The key battleground between the rival resorts, stresses the source, will be the battle for the hearts, minds and most of all, wallets of the locals, suggests the insider. By ‘locals,’ the source includes the significant cohort of tourists to Singapore who actually come to stay with friends and relatives, and those Malaysians who live within a few hours’ drive of Singapore.
“Regarding cannibalisation of Genting Highlands’ market, I think the 20% figure quoted by some sources is on the low side. I think it could be up to 30%. One market in Malaysia that is potentially massive for Singapore is Malaysian Muslims—who want to gamble but legally can’t in their own country. Indonesia will be next largest market, but it won’t be that big a market in my view. The rest of Asia you could put down to opportunity.
“To me, the Singapore casinos are what we used to call in the industry ‘city centre’ type casinos. You can promote overseas business and bring in specialised tourism, but if you don’t capture your local market, you’re going to go broke,” states the source.

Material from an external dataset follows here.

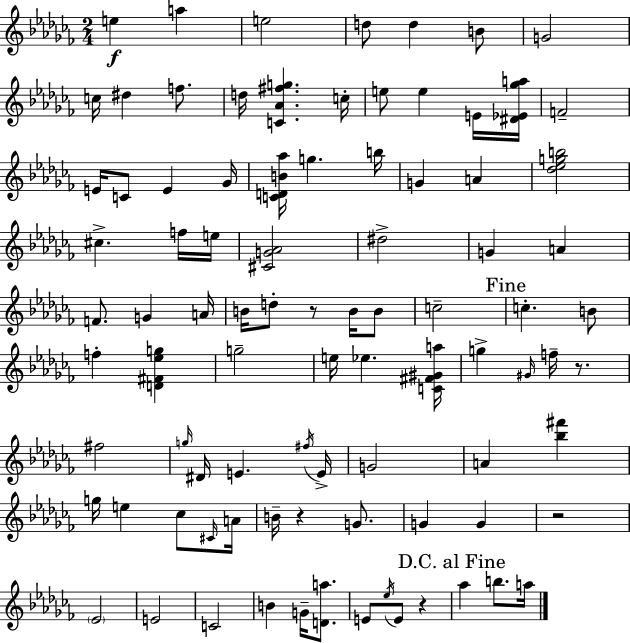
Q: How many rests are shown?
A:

“Why would anyone from mainland China want to bypass Macau? Macau has got better facilities for Chinese visitors than Singapore will ever have. No one from China is going to over fly Macau and spend another three or four hours on an aeroplane just to go to Singapore,” adds the insider.

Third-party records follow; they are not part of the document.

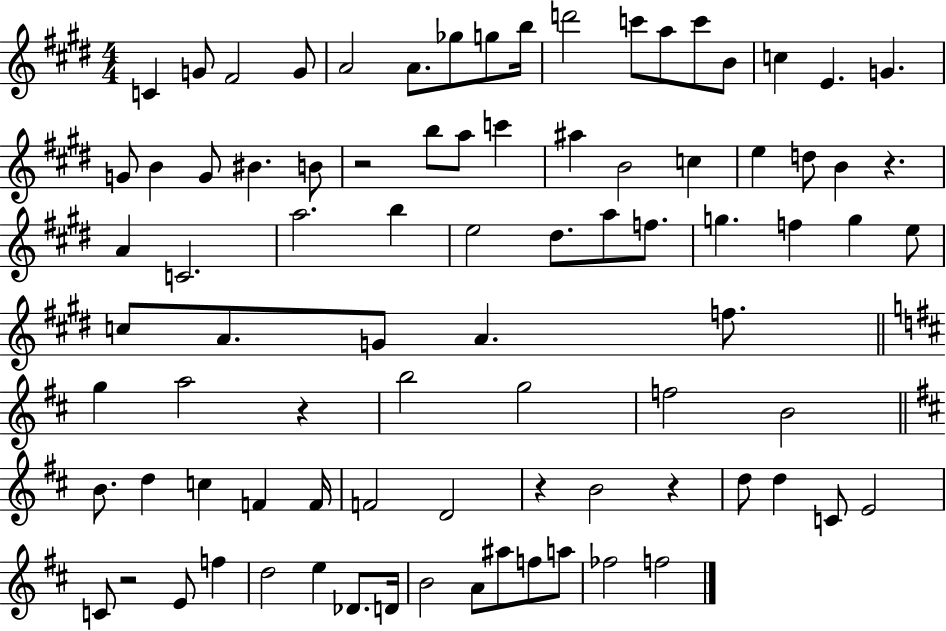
{
  \clef treble
  \numericTimeSignature
  \time 4/4
  \key e \major
  \repeat volta 2 { c'4 g'8 fis'2 g'8 | a'2 a'8. ges''8 g''8 b''16 | d'''2 c'''8 a''8 c'''8 b'8 | c''4 e'4. g'4. | \break g'8 b'4 g'8 bis'4. b'8 | r2 b''8 a''8 c'''4 | ais''4 b'2 c''4 | e''4 d''8 b'4 r4. | \break a'4 c'2. | a''2. b''4 | e''2 dis''8. a''8 f''8. | g''4. f''4 g''4 e''8 | \break c''8 a'8. g'8 a'4. f''8. | \bar "||" \break \key b \minor g''4 a''2 r4 | b''2 g''2 | f''2 b'2 | \bar "||" \break \key b \minor b'8. d''4 c''4 f'4 f'16 | f'2 d'2 | r4 b'2 r4 | d''8 d''4 c'8 e'2 | \break c'8 r2 e'8 f''4 | d''2 e''4 des'8. d'16 | b'2 a'8 ais''8 f''8 a''8 | fes''2 f''2 | \break } \bar "|."
}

“I think 85% to 90% of the business could be ‘Singaporeans’. I include in that figure tourists staying with friends and family. They make up a lot of the visitors to Singapore.

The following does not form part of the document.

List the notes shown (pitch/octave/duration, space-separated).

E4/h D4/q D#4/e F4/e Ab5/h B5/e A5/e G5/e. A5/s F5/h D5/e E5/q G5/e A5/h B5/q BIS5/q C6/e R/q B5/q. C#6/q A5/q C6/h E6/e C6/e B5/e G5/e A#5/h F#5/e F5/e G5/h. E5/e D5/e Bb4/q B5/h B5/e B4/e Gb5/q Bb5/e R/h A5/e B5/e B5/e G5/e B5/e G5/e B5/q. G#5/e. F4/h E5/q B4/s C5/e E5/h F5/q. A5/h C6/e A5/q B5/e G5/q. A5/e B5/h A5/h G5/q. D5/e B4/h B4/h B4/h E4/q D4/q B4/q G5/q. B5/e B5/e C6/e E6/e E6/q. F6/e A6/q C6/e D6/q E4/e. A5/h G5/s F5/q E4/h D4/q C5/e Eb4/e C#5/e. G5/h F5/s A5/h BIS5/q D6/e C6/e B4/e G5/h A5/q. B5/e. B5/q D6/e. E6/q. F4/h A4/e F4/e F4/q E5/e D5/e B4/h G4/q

“The fact that government and the operators are saying this is going to generate foreign tourism is possibly a bit of a pipe dream. Singapore is an expensive destination. It’s more expensive than Hong Kong, and more than twice the price of Macau, when costs such as accommodation, meals and transport are factored in. For many overseas tourists it’s not going to be attractive, though I imagine there will be some opportunity business.”
In 2008, Singapore’s average daily room rate (ADR) hit S$245—that’s US$175 at current exchange rates. In January this year, the ADR in Singapore stood at S$187 (US$137). Macau’s ADR for January 2010 was 1,044 patacas (US$130). The Las Vegas ADR for that month was US$99.75.
And as Inside Asian Gaming reported in recent issues, it’s highly unlikely any junket operators with mainland China customers will be able to set up business in the Lion City.
“Not one of the major junkets in Macau—no disrespect to any of them—would pass muster in terms of Singapore’s reporting requirements for junkets,” states the source.
“Singapore has made itself the most difficult jurisdiction to go through in the world. The process is just horrendous, and most people will not pass. “It’s all about knowing everything about your financial background. People are not going to just give that information up for fun.”
“In my view, MBS has got to be the favourite for domination of the Singapore market. Genting have done themselves a lot of damage with a half-baked launch. They’ve invested so much money, you can understand why they wanted to open the doors quickly. The problem is they’ve done so with not enough staff and without enough thought about what they were doing. It’s not, in my view, a well-planned casino. I really hope they get things right soon. They will need to, or LVS could leave them trailing.”